── EXERCISE DATA
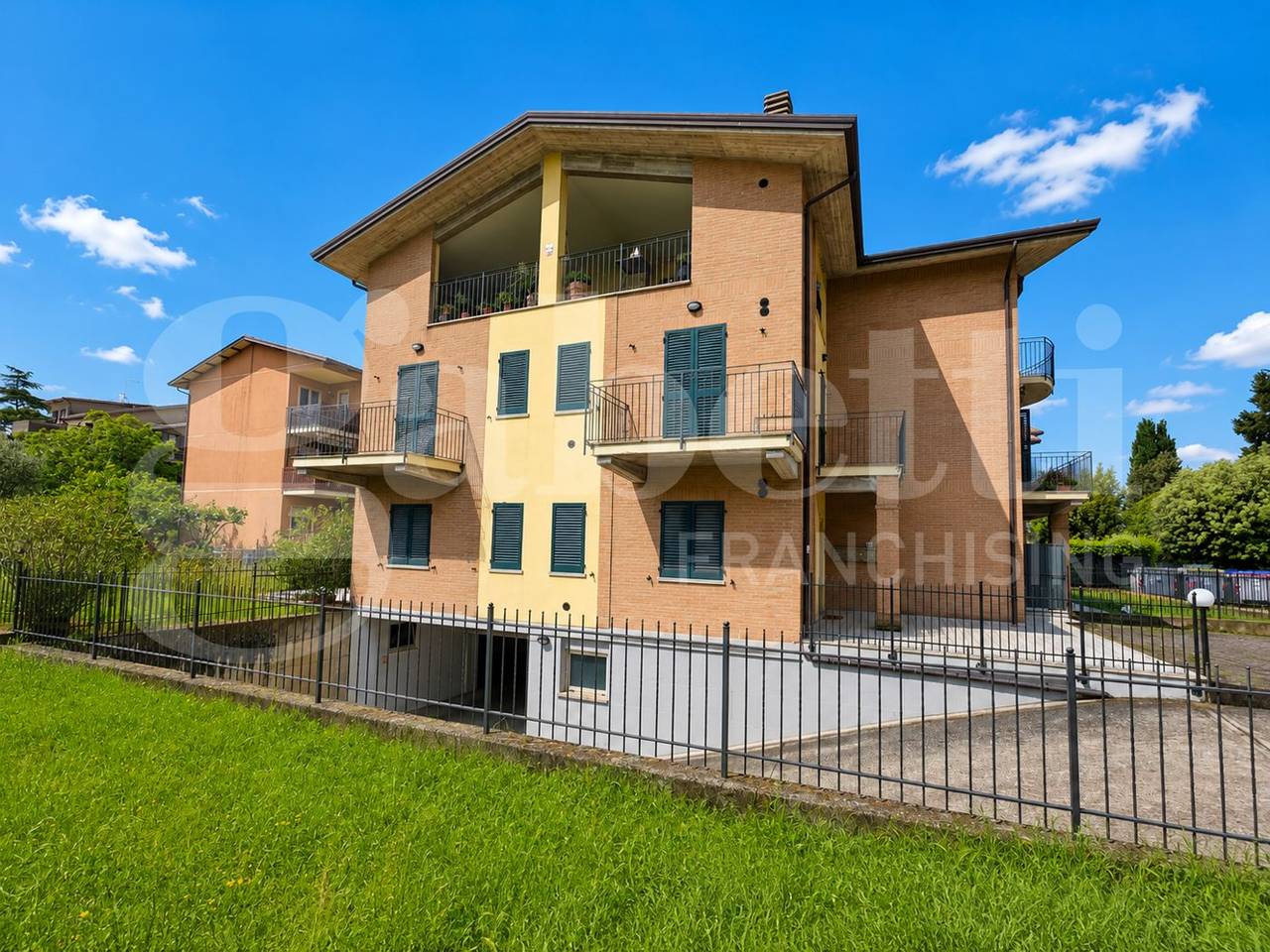 immagine annuncio 1 di 14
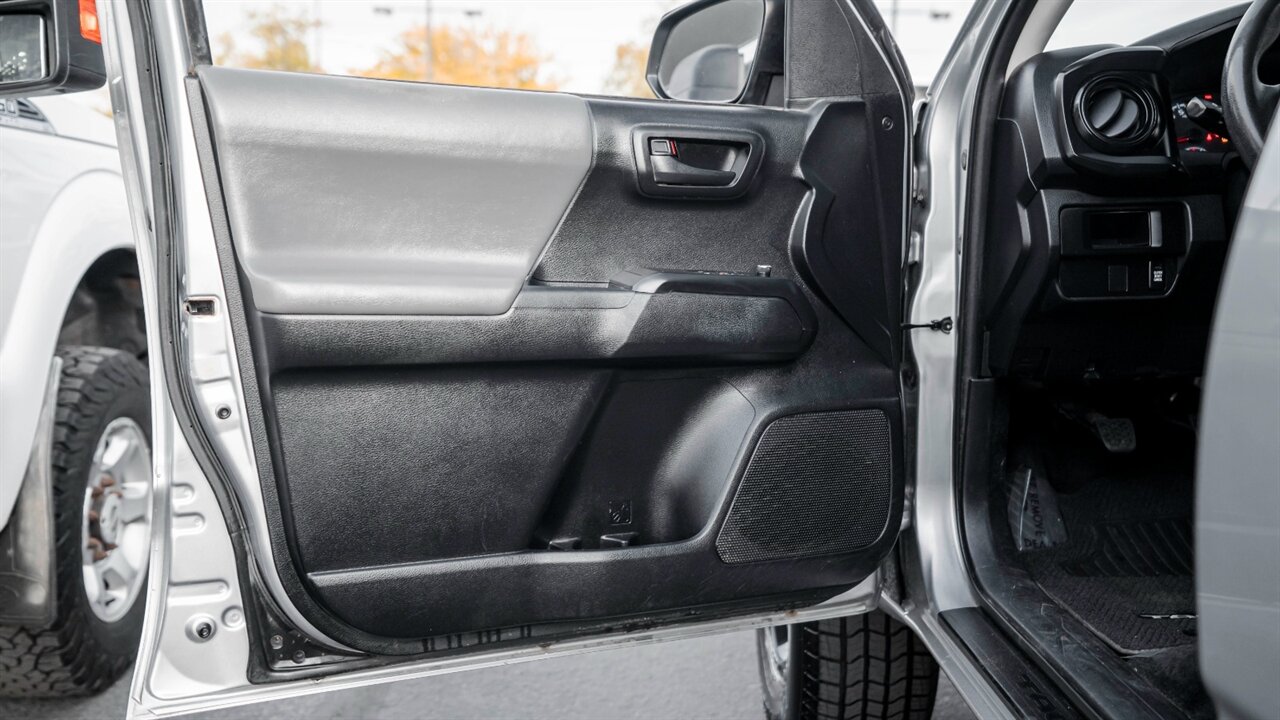 2016 Toyota Tacoma SR - Photo 18 - Reno, NV 89511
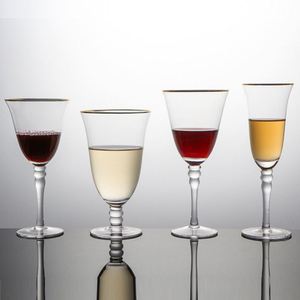 Flûtes à champagne en cristal de luxe, blanches avec bordure dorée, pour vin rouge et eau - Product Image 1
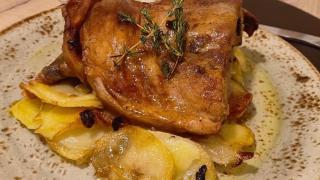 El mejor ternasco asado de todo Aragón lo sirven en estos restaurantes de Huesca: el más delicioso y tierno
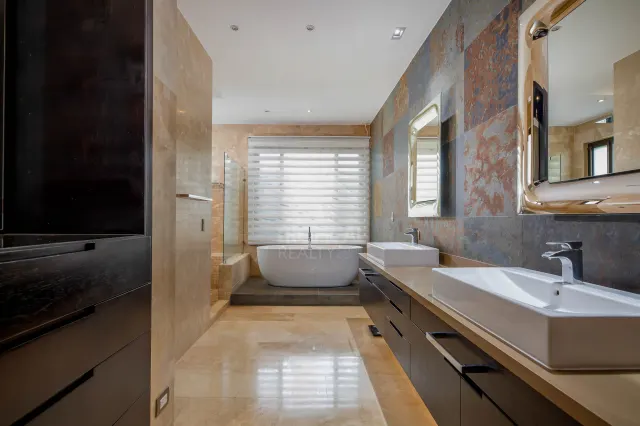 La Hacienda Cosmopolitan Chic – Exclusive Single-Level Luxury Estate in Santa Ana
────
## [WHAT TO WORK ON]
Give the records again without a single change, and exclude the pictures.

## [RESPONSE]
 immagine annuncio 1 di 14
 2016 Toyota Tacoma SR - Photo 18 - Reno, NV 89511
 Flûtes à champagne en cristal de luxe, blanches avec bordure dorée, pour vin rouge et eau - Product Image 1
 El mejor ternasco asado de todo Aragón lo sirven en estos restaurantes de Huesca: el más delicioso y tierno
 La Hacienda Cosmopolitan Chic – Exclusive Single-Level Luxury Estate in Santa Ana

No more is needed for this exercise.